BEGIN PROVIDED DATA
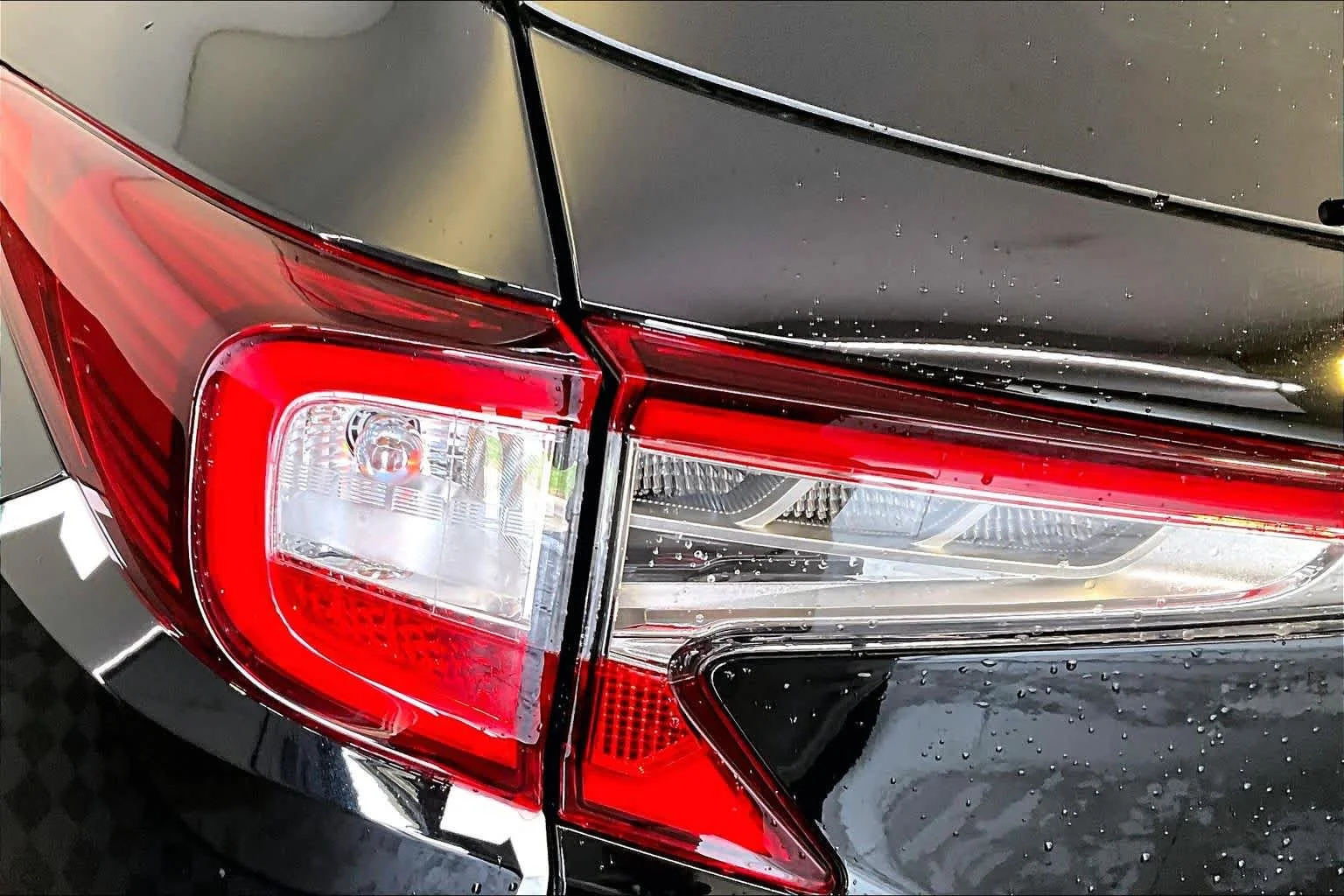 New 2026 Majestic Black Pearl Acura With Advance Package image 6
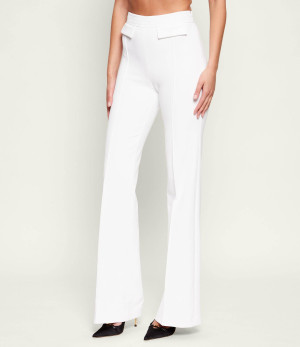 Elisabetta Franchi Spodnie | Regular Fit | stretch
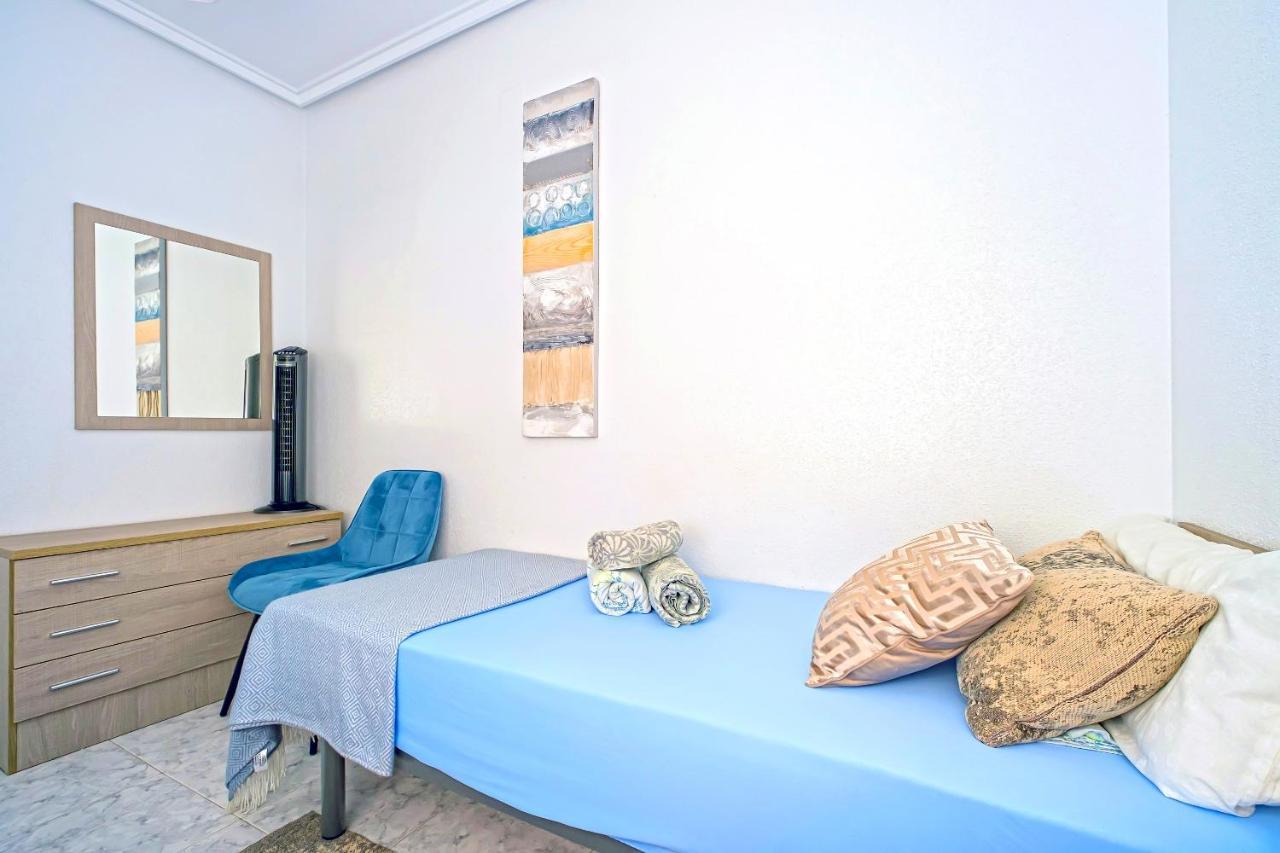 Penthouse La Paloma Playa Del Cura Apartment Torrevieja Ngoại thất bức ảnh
END PROVIDED DATA
--- WHAT IS BEING ASKED ---
Please restate exactly the lines from the one containing "Elisabetta Franchi Spodnie" down to the end of the material, both ends kept, and do not include the pictures.

--- THE ANSWER ---
 Elisabetta Franchi Spodnie | Regular Fit | stretch
 Penthouse La Paloma Playa Del Cura Apartment Torrevieja Ngoại thất bức ảnh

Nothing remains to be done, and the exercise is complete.